The Lesson: Stop trying to "outthink" your emotions. You cannot reason with a brain that has no blood. When the heat rises in your chest, step away. Fix the physiology first.

2. Activity is the Enemy

Evolution wired us to forage. Our ancestors survived by moving, searching, and doing. But in the market, the "active forager" is the prey.

We learned that the most profitable state is stillness. We learned to be the Ambush Predator (think of the cougar on the ledge) rather than the wolf running through the forest.

The Lesson: If you are having fun, you are probably gambling. If you are bored, you are probably executing. Replace the addiction to action (clicking buttons) with an obsession for verification (checking plans).

3. High Win Rates Cause Paralysis

We explored the strange paradox where getting better at trading makes it harder to pull the trigger.

When you expect to win 95% of the time, a loss stops being a statistic and starts feeling like an insult. You freeze because the emotional stakes of being "wrong" become too high.

The Lesson: Be a scientist, not a sniper. Your goal is to collect data, not to protect a perfect record. If you can't click the button, your position size is too big. Drop it until the fear vanishes.

4. Survival is the Only Growth Strategy

We looked at the math of ruin. We saw that a strategy with an 83% win rate can still bankrupt you if you play it long enough with the wrong sizing.

Most traders try to optimize for how much they can make. The ones who are still here in December optimized for how much they could lose.

The Lesson: Never bet the house. Bet a brick. If a single trade can take you out of the game, you aren't trading. You are playing Russian Roulette.

5. Discipline is Just Denial in Disguise

Finally, we tackled the hardest truth of all: sometimes "following the rules" is just a way to hide from reality.

We learned that holding a losing trade just because "it hasn't hit my stop yet" isn't discipline.
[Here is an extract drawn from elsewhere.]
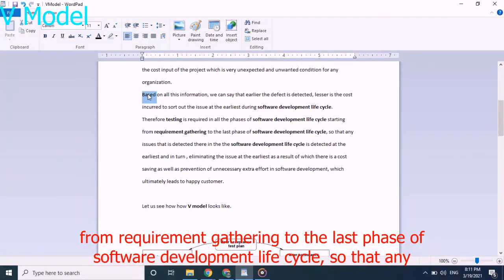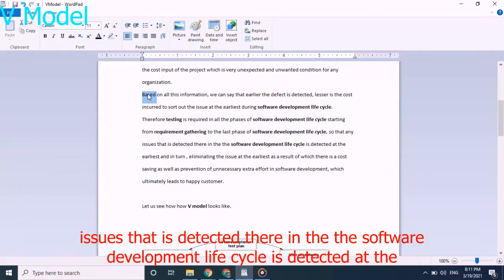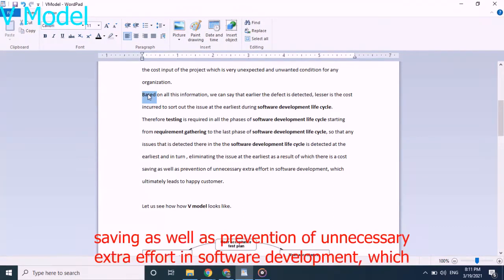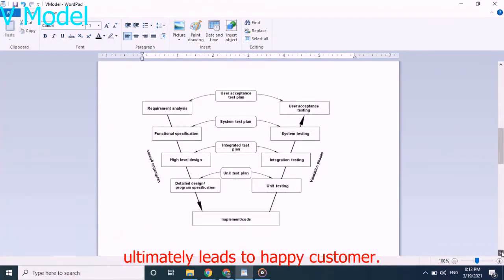So that any issue that is detected there in the software development lifecycle is detected at the earliest and in turn eliminating the issue at the earliest, as a result of which there is cost saving as well as prevention of unnecessary extra effort in software development, which ultimately leads to happy customer.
It is passivity. The market often whispers that a trade is dead before it shouts.

The Lesson: True discipline isn't blind obedience to a plan you made three hours ago. It is staying awake. It is having the courage to kill a trade the moment the logic fails, even if the rule says you can wait.

The 2026 Challenge

Next year, don't try to add more indicators. Don't try to trade more markets.

Try to do less.

Try to be bored. Try to be safe. Try to be the person who waits three days for the perfect setup, executes it without a pulse, and goes on with their life.

Happy New Year. See you in the market.